Machine Translation (MT) is a highly interdisciplinary and multidisciplinary field since it is approached from the point of view of human translators, engineers, computer scientists, mathematicians and linguists. This workshop aims at motivating the cooperation and interaction between them, and to foster innovative combinations between the two main MT paradigms: statistical and rule-based.
The advantages of statistical MT are fast development cycles, low cost, robustness, superior lexical selection and relative fluency due to the use of language models. But (pure) statistical MT has also disadvantages: It needs large amounts of data, which for many language pairs are not available, and are unlikely to become available in the foreseeable future.
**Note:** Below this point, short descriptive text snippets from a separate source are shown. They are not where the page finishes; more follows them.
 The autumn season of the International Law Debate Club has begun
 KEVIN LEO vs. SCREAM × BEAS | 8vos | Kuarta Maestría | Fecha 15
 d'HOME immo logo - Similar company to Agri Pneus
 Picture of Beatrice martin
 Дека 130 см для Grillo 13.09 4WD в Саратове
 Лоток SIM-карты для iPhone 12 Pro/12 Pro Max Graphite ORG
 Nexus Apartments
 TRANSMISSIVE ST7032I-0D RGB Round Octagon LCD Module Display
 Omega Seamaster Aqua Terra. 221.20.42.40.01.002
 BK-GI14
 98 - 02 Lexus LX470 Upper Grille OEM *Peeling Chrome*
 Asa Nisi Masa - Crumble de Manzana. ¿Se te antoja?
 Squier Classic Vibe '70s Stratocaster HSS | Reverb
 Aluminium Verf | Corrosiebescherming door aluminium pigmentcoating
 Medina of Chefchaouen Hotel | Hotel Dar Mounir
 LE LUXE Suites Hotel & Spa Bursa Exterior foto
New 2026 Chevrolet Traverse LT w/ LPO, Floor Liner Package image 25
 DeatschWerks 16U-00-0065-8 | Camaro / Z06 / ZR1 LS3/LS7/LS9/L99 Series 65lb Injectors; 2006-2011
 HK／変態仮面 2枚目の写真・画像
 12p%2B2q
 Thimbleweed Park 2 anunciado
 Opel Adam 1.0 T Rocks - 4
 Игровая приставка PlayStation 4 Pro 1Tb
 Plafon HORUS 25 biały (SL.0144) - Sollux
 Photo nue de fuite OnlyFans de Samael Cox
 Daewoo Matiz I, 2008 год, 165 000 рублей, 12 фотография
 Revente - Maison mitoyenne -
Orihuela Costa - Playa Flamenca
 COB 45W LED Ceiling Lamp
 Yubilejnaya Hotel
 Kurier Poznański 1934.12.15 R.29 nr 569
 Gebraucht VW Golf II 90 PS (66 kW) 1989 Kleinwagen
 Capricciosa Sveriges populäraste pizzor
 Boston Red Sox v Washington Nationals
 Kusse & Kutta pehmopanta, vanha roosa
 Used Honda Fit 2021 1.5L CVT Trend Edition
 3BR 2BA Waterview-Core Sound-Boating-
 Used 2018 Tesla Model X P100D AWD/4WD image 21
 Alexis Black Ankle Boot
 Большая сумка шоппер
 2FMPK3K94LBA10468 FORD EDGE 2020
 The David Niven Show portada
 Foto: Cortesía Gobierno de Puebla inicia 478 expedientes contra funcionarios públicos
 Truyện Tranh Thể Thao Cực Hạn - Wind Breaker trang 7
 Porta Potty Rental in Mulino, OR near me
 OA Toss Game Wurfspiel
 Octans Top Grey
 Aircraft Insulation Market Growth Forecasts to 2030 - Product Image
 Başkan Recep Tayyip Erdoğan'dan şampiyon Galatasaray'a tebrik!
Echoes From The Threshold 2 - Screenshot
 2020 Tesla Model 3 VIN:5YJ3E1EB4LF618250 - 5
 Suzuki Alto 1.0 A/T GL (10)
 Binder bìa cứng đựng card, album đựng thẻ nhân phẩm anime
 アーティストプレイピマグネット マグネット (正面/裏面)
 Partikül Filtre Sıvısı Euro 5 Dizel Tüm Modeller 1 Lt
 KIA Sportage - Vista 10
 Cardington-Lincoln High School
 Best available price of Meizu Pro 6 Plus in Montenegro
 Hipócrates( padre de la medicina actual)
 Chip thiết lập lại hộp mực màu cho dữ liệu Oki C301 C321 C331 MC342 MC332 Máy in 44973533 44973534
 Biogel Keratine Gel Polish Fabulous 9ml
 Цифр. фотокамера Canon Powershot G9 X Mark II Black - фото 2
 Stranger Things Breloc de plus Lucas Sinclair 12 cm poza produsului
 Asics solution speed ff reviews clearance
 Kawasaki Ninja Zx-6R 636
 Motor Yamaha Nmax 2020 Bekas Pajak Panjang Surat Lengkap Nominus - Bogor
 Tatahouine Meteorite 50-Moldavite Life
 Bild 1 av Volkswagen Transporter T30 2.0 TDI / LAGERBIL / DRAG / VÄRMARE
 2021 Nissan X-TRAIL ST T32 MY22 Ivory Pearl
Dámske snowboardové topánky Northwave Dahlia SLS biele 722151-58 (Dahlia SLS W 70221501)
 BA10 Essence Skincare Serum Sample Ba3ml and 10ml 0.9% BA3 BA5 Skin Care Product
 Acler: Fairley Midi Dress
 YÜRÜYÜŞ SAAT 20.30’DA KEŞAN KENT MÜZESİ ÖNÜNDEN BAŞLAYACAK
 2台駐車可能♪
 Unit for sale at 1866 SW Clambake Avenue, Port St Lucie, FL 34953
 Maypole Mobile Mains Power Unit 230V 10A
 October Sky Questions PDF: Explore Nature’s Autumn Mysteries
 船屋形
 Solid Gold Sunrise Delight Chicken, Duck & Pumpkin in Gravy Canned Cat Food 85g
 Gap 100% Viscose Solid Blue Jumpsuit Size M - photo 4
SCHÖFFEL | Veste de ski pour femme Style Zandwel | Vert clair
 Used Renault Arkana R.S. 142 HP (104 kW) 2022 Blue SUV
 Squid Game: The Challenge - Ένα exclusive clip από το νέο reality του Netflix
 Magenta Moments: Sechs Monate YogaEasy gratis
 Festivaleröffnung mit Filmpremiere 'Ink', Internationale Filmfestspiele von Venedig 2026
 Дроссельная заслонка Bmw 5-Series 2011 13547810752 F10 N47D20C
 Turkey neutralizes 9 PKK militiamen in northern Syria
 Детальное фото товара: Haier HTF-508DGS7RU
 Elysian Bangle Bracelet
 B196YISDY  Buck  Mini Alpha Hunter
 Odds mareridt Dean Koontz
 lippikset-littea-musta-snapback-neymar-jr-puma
This problem is especially relevant for under-resourced languages. Recent advances in factored morphological models and syntax-based models in SMT indicate that non-statistical symbolic representations and processing models need to have their proper place in MT research and development, and more research is needed to understand how to develop and integrate these non-statistical models most efficiently.
The advantages of rule-based MT are that its rules and representations are geared towards human understanding and can be more easily checked, corrected and exploited for applications outside of machine translation such as dictionaries, text understanding and dialog systems. But (pure) rule-based MT has also severe disadvantages, among them slow development cycles, high cost, a lack of robustness in the case of incorrect input, and difficulties in making correct choices with respect to ambiguous words, structures, and transfer equivalents.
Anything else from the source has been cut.